The equipment system also impacts side-quests. There are two types of side-quests: Hauntings, which end in the Blame/Ascend/Banish mechanic, and the more standard kind. Hauntings are worthwhile, since you get Essence to power up Antae's moves and the plot beats can be intriguing. The rewards feel lacking: some EXP and an occasional item. Even the hidden chests, which require a bit of puzzle-solving, only grant a small scattering of crafting materials that are bountiful in the game.

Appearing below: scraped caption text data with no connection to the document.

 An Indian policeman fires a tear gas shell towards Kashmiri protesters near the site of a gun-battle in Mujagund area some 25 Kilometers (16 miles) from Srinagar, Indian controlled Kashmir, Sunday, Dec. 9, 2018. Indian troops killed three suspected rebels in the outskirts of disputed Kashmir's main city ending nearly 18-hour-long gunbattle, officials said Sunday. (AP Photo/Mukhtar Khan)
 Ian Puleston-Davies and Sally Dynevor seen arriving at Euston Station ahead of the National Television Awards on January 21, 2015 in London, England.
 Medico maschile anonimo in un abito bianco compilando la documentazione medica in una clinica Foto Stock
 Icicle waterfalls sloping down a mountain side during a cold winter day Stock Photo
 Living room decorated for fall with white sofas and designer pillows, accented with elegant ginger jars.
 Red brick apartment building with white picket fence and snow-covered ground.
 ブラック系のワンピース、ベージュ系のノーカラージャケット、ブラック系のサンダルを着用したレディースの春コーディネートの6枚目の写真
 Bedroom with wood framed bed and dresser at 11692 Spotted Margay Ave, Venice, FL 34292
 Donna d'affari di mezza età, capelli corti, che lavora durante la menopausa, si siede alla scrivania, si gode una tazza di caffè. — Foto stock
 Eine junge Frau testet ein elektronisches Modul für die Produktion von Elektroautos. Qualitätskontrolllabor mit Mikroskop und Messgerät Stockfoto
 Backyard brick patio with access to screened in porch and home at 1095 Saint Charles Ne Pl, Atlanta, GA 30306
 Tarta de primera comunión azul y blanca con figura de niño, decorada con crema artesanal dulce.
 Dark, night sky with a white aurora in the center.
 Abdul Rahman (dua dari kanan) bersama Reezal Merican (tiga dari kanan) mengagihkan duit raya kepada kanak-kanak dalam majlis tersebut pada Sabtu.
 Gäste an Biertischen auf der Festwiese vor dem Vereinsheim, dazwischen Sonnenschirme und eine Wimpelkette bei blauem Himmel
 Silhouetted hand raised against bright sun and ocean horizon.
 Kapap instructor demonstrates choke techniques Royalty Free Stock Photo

Early on, Banishers feels genuinely engaging and exciting, but it doesn't have the sense of escalation and growth that is necessary to sustain a 30-hour action RPG. Beyond a certain point, I groaned every time a fight began because I knew it was going to be the same enemies and the same fight. The boss fights remain engaging, and the game could use a few more of those. It feels like an engaging 10- to 15-hour game that's been padded out to full length via some bland, open-world mechanics.

Banishers is a reasonably good-looking game. The facial animations are frequently on the mark, and the game does a good job of making its relatively limited environments shine. While it looks good, the performance is often rather poor. Even in Performance mode, the frame rate hitched and jerked, and the act of opening the menu froze the entire world for three or four seconds before popping up the menu, which was both annoying and distracting. It's not unplayable, but it feels poorly optimized. The voice acting is excellent. Red and Antae absolutely sell the central story and elevate things above and beyond. Some of the side characters veer toward the cheesy, but they're not around very much, so it doesn't detract from the strong vocal performances.

Banishers: Ghosts of New Eden is a great example of less being more. What it does well, it does very well, but those elements are bogged down in a needlessly large, open world that's been padded out with thin gameplay. When you reach the meat of the game, it's usually worth the effort, but there's so much dilution that it has difficulty shining through. The poor performance also makes the tedious elements feel more so. Like its main characters, Banishers is stuck in limbo between excellence and blandness, and I can only hope that any sequel will focus on quality over quantity.